Education/Information (EOC)

CGs assigned to the EOC were exposed to a website containing the similar navigational features, but the content focused on information about dementia, obtained from reputable national sources such as the ADEAR program of the National Institute on Aging and the national website of the Alzheimer’s Association. In addition, links to certain video-taped information were provided (e.g., the Alzheimer’s Project, developed by HBO in collaboration with the National Institute on Aging and the Alzheimer’s Association)(The Alzheimer’s Project, 2009). Written materials from various health agencies were also provided in a booklet format. Thus, extensive information using “state-of-the-art” media strategies was made available to these CGs, but without a format designed to enhance the development of specific skills to deal with stress from caregiving.

Data Analysis

All data reported in this study were obtained from self-report measures. No monitoring of web based activity by caregivers while using the materials was obtained. Data were analyzed using SPSS-19. Outcome measures were inspected to determine if assumptions for the general linear model were met. A mixed between-within ANOVA was selected for testing the primary hypotheses related to the four outcome measures. Separate exploratory analyses using number of hours spent in caregiving and age of PWD as a covariate were conducted using a mixed between-within ANCOVA. Correlations between the change in outcome measures and demographic variables were also obtained.
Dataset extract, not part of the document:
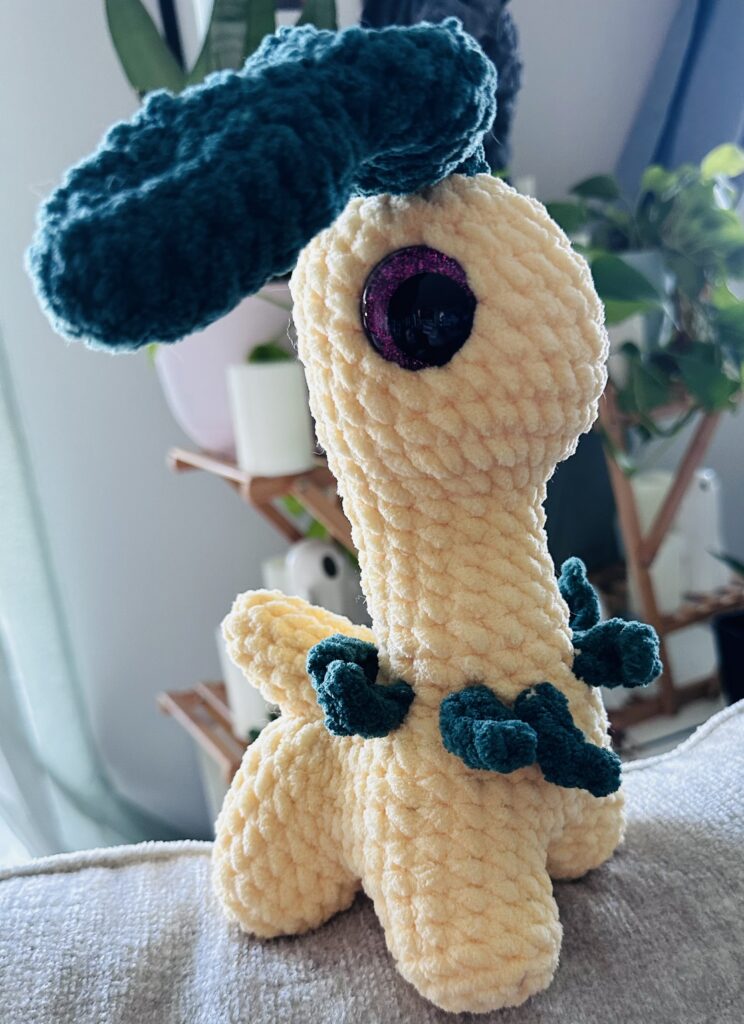 Yellow dinosaur with a green leaf on its head and green leaves on its neck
Non-parametric procedures were also used in some of the analyses.

RESULTS

Primary Outcome Measure

Means and SDs for the outcome measures are reported in Table 4. Means for the PSS indicate that both groups reported a relatively high level of overall stress prior to intervention. A mixed between-within subjects ANOVA was conducted to determine the effect of ICC compared to EOC. A significant interaction between time from pre- to post-intervention and group condition was obtained (Wilks’ Lambda =.945, F(1,101)=5.88, p=.017, partial eta squared=.055). Paired t-tests were obtained for change from pre- to post- in each group. There was no significant change in EOC (t(56)=0.231, p=.818), whereas the decrease in perceived stress in ICC was significant (t(45)=3.18, p=.003). The hypothesis concerning the effect of the ICC on general perceived stress wassupported.

Table 4.

Pre- Post-Intervention Means and SDs of Outcome Measures for Participants Grouped According to Treatment Condition.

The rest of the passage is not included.